Small language models

The on-device AI upgrades from Apple and Google are part of a trend toward using small language models, Gorelov said. Small language models use fewer parameters than large language models.

"These models are smaller, they're optimized for certain use cases, and you can put them on a device," Gorelov said. "They're easy to train, easier to operate and enable some very powerful use cases." For instance, they can be useful in email and image generation as well as personalization, he said.

"Overall bringing generative AI to devices is very promising from a privacy perspective and from a use case perspective," Gorelov said. "And small language models are powerful enough to enable some really powerful use cases."

The new technology will not be available to everyone, however. Consumers use many different versions of iPhones and Android devices with different levels of capability. 

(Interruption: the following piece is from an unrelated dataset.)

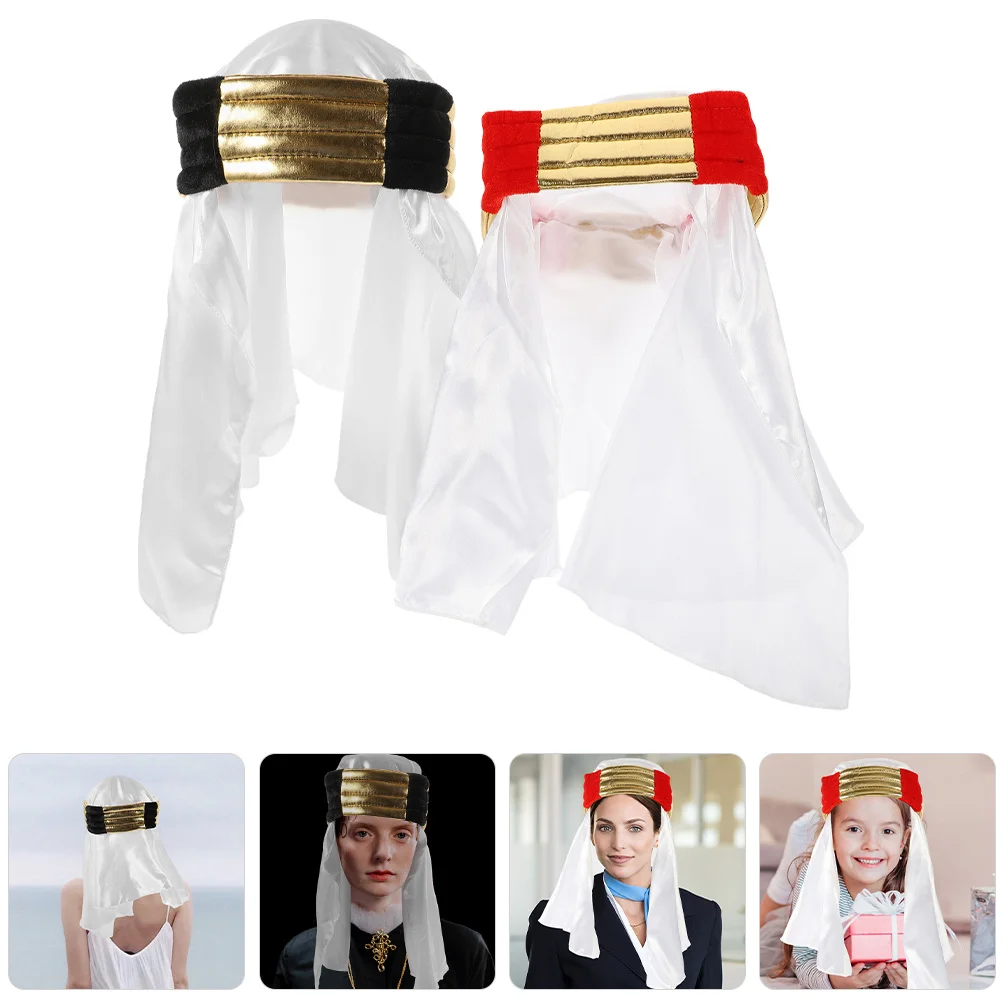 2 قطعة قبعة عربية للرجال نمط عمامة أغطية الرأس تأثيري مهرجان الحفلات أداء الدعامة ديكور ملحق فستان زي #1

"It seems we're rapidly approaching a time when the digital divide is going to be measured by the version of the phone we carry and whether or not they have the capacity to handle the new AI functionality," Perry said. "So for banks, the usefulness of these new tools will depend, in part, on the compatibility of the devices in use. The more that Apple and Google bring AI enhancements to their phones within the limits of their existing hardware, the more likely they'll get the majority of consumers to adapt their behaviors."